A clear relocation plan that turns “I want to move” into real steps and dates
Help coordinating housing options based on your needs, budget, and preferences
Support setting up services for the community (home care, waiver planning once eligible, mental health supports, etc.)
Coordination with the facility discharge planner so the move plan stays realistic
Help connecting to benefits and community resources tied to a safe discharge
Support organizing paperwork, appointments, and follow-through so nothing important gets missed
Ongoing check-ins and plan updates as things change
We do not provide therapy or treatment
We do not provide legal services
We do not provide outreach services
We do not “guarantee” housing approval or a specific move date
We do not replace your county, tribal nation, or managed care care coordinator (we coordinate with them)

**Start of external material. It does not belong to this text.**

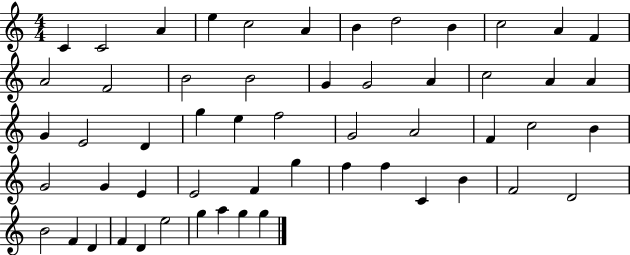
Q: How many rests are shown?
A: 0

Submit a copy of our referral form.
County/tribal authorization and eligibility confirmation (MA + eligible institution).
We build the relocation plan and coordinate the move supports.
RSC-TCM is a Medical Assistance (MA) benefit when you qualify. You must have MA and be living in an eligible institution at the time of service.
To start, you (or someone acting on your behalf) request services through your local county agency or tribal nation. They assign a case manager to meet with you within 20 working days and provide a list of RSC-TCM provider options in your area. You have a choice of provider from the available options.
RSC-TCM is time-limited. People typically have up to 180 consecutive days per eligible institutional admission, and the clock can start when any targeted case management service is first billed.
A resident in a nursing facility wanted to move into the community but felt stuck. Here is what we coordinated:
Met with the resident and supports to confirm goals, needs, and a realistic timeline
Built a relocation plan (housing plan + services plan + follow-up dates)
Coordinated with the facility discharge planner to align paperwork and next steps
Helped connect to community services needed for safe living after discharge
Kept communication moving between the resident, supports, and system partners so tasks did not stall
Outcome: The resident moved into a community setting with services in place and a plan for ongoing support.